New cease-fire deal struck in eastern Ukraine conflict
Firefighters work at the ruins of a house, which locals said was destroyed during a recent shelling, in the rebel-controlled city of Donetsk, Ukraine, July 22, 2020. (Reuters Photo)


Ukrainian, Russian and Organization for Security and Co-operation in Europe (OSCE) negotiators reached an agreement Wednesday for a full cease-fire between government forces and pro-Russian separatists in eastern Ukraine, the Ukrainian president's office said, in the latest attempt at restoring peace to the area.

A simmering conflict between Ukrainian troops and Russian-backed rebels has killed more than 13,000 people since 2014. Pro-Russian rebel groups have been battling the Ukrainian military in Donetsk and Luhansk, near the Russian border.
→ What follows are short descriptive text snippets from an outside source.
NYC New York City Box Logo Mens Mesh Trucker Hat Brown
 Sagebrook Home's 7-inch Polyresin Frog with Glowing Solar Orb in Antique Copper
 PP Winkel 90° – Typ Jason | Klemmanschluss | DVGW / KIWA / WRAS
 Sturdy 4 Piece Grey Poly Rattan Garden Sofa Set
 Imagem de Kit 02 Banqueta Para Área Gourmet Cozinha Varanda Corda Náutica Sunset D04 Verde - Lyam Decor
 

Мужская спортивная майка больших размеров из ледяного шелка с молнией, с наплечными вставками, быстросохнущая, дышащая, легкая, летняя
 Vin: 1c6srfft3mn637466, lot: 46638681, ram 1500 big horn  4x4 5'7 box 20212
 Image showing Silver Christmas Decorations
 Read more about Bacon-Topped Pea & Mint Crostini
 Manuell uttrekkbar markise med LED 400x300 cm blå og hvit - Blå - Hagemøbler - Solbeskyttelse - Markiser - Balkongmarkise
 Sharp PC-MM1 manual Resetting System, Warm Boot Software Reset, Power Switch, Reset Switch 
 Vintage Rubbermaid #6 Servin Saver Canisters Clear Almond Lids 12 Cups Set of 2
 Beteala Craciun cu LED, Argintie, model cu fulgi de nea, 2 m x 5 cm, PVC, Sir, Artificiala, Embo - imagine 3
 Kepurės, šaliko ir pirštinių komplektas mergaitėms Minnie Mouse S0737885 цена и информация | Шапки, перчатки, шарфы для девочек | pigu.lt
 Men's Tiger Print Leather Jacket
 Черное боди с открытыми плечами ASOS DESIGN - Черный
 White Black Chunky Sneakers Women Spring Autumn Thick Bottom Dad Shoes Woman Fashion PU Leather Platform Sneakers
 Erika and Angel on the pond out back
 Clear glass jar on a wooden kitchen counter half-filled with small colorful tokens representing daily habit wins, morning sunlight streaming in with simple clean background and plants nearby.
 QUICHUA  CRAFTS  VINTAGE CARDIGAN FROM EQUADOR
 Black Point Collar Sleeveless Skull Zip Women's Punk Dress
Major combat ended with a cease-fire agreed in the Belarus capital Minsk in 2015, but sporadic clashes still regularly kill civilians, Ukrainian soldiers and separatists.

"The breakthrough ... is the result of the effective work of the Ukrainian delegation with the support of our international partners in Berlin and Paris," President Volodymyr Zelenskiy's press service said in a statement.

About two dozen attempts at a complete cease-fire have so far failed. The cease-fire is considered an important prerequisite for a new Ukrainian crisis summit. Chancellor Angela Merkel and French President Emmanuel Macron have said they want to bring Russian President Vladimir Putin and Zelenskiy back together. Zelenskiy has sought to resolve the conflict since his election last year, arranging a number of prisoner swaps. Ukraine and Russia have been foes since 2014, when Moscow seized Ukraine's Crimea peninsula and backed the rebellion in the east.